Param yok, Sağlığım var. Evladım var, kendine has bir gıcıklığı mevcut. Eşim var, saksı bitkisi gibi. Ailem var, saksı bitkisi bile değil. Eşimin ailesi ameriga ajanı olabilir. Çok değişikler. Ameriganın oyunları bence. Param yok demiş miydim? Bir de hava çok soğuk. Öyle böyle değil aşırı soğuk.
Bir de eşim grip. Şu an en büyük derdim bu. Grip olunca çaresiz ince hastalığa yakalanmış gibi davranıyor.
Birazdan gidip oğlumu almam gerek okuldan. Ayak parmaklarım bile üşüyor şu an, cesaret edemiyorum çıkmaya. Bu da büyük bir dert mesela.
Sonra, eltim beni kocası sanıyor. Trip atıp küsüyor falan. Ben senin kocan değilim demek istiyorum ama yazık bu gerçekle yüzleşir ve yıkılır diye korkuyorum.
Oğlumun hep sümüğü akıyor. Boş zamanlarında cezvedeki kahveyi döküyor.

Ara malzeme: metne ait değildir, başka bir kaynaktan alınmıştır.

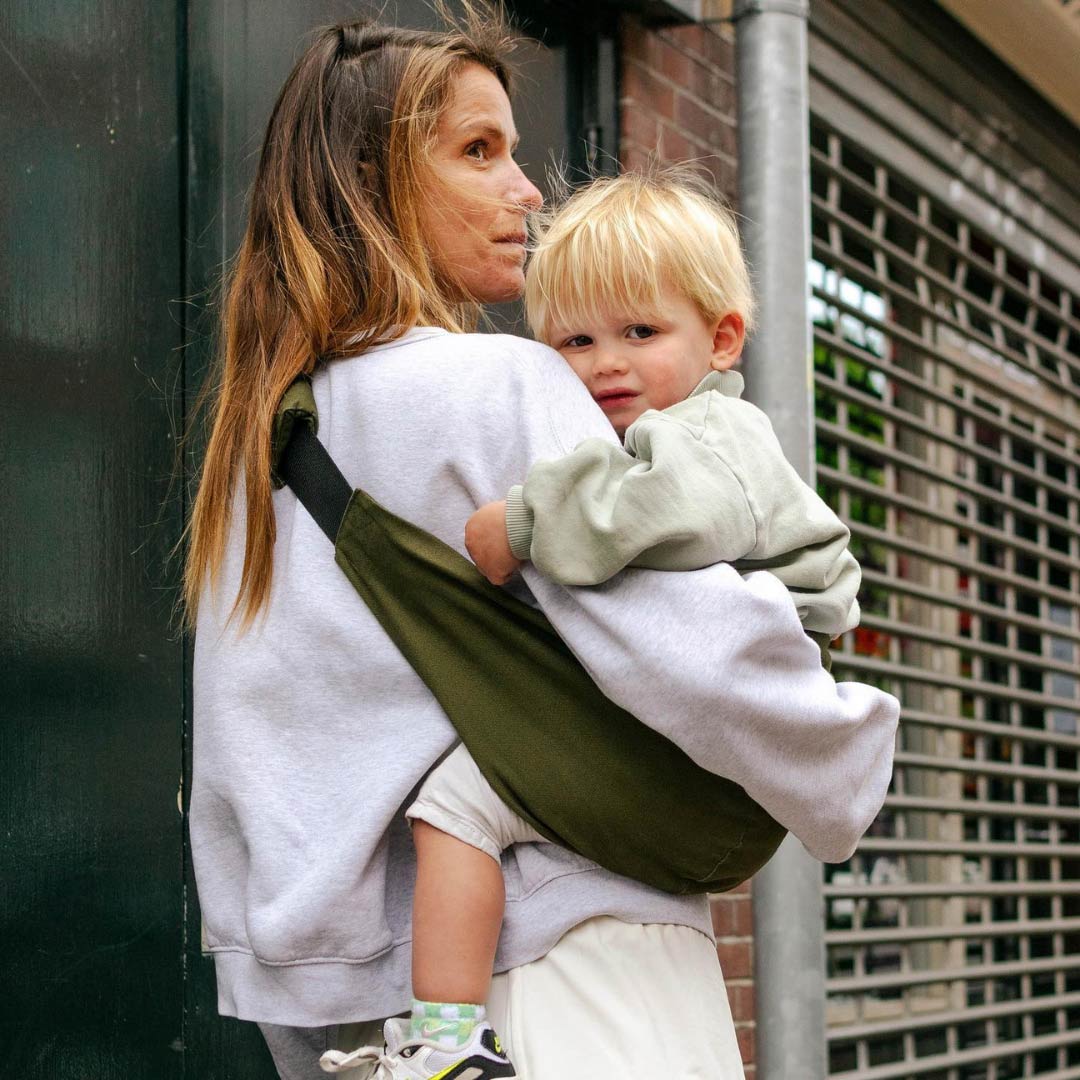 Wildride Toddler Carrier - Army Green - Image 2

Sınıfında dudağını büzerek konuşan bir narenciyesu var, onu taklit ediyor. Dudağını büze büze, kelimelerin sonunu uzatarak konuşmaya başladı. Ağzının ortasına merdane ile girişmek geliyor içimden ama yapmıyorum. Kaynanam günde iki kere beni arıyor. Konuşmanın sonunda bir sessizlik oluyor çünkü arama sebebini söyleyecek diye bekliyorum, sebepsiz arıyor. Telefonla konuşmayı hiç sevmiyorum, o yüzden bu da dert.
Annem deli. Babam da deli. Ana babadır atsan satsan olmuyor tabi, ama deliler yani. Gördüğüm en afilli deli onlar. Annem çok konuşuyor bir de. Öyle böyle değil aşırı konuşuyor. Bence insanlar az konuşmalı. Çok yorucu çünkü.